-- Exercise brief --
Excluding images, repeat the data exactly as given.

-- Stored data --
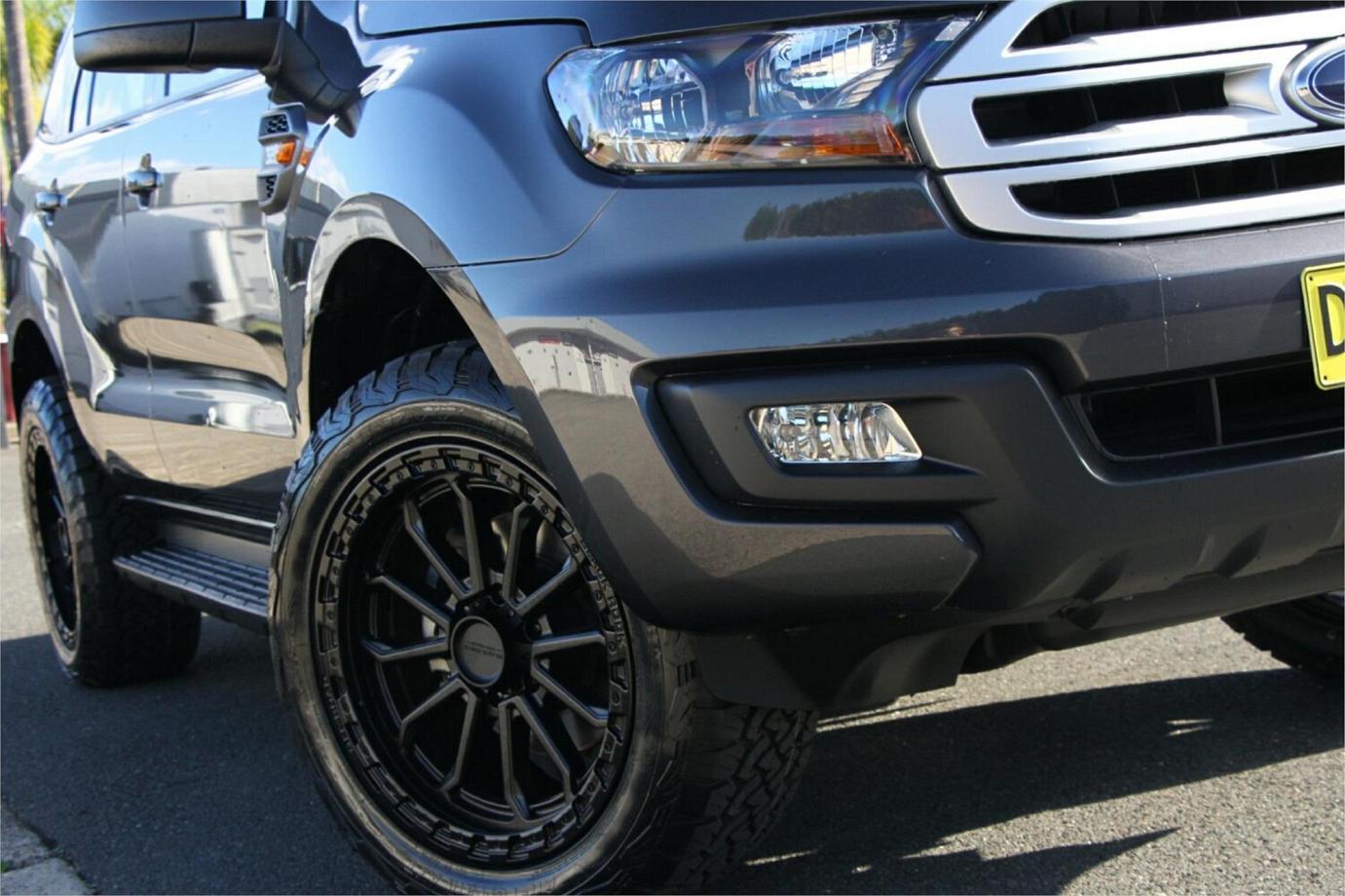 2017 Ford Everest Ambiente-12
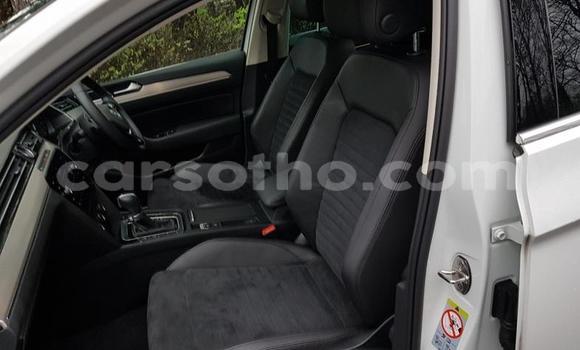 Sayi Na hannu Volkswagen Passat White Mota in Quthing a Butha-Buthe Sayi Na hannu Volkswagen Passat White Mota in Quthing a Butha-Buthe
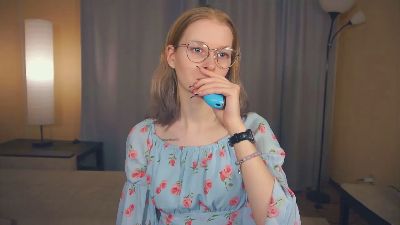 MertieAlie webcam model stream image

-- Answer to the problem --
 2017 Ford Everest Ambiente-12
 Sayi Na hannu Volkswagen Passat White Mota in Quthing a Butha-Buthe Sayi Na hannu Volkswagen Passat White Mota in Quthing a Butha-Buthe
 MertieAlie webcam model stream image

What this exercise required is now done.